Nest costs WHAT?

The Nest Learning Thermostat sounds neat, which is what I accidentally keep calling it when I forget its forgettable name. Even the nicer thermostats I use have room for improvement, but $250, excluding installation, smelled more than a little bit rich for a thermostat, even one that can “program itself around your life.”

I thought about building a thermostat that has many of the interesting features of the Nest, but I realize this would be an expensive and involved project. For example, the WiFly Shield to tie an Arduino in to my WiFi network costs $90 from Sparkfun. For the downstairs thermostat, I could use the $46 Ethernet Shield instead, but that’s approaching $50 just for network connectivity! I’m not the only one to try this. The easiest approaches I’ve seen don’t replace the existing thermostat, they just bypass it. Since I already have a digital thermostat instead of a simple mercury switch model, that approach wouldn’t work for me, and I’d have to interface with the 4-wire controls coming from my HVAC.
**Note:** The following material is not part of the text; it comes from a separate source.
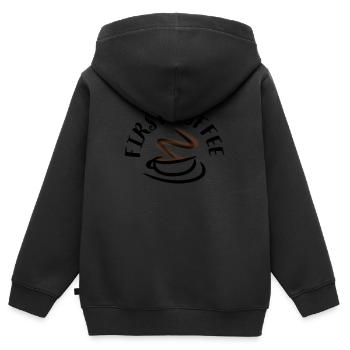 Kaffee, Kaffee, Kaffee, Kaffee, Kaffee, lustig - Kinder Premium Organic Zip Hoodie - Schwarz - Hinten - AI Model Kid Male (0cm)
A lot more searching and reading leaves me with the same question as the folks over at tested.com: How is the Nest different? There are other smart, networked, programmable thermostats on the market at price points from around $100 for the Radio Thermostat, $300 for the Ecobee, and even more for solutions from traditional HVAC vendors, such as the Honeywell Prestige line that starts around $400. It seems like Nest isn’t a unique or new energy management system — it’s a networked thermostat with nice industrial design and slick software.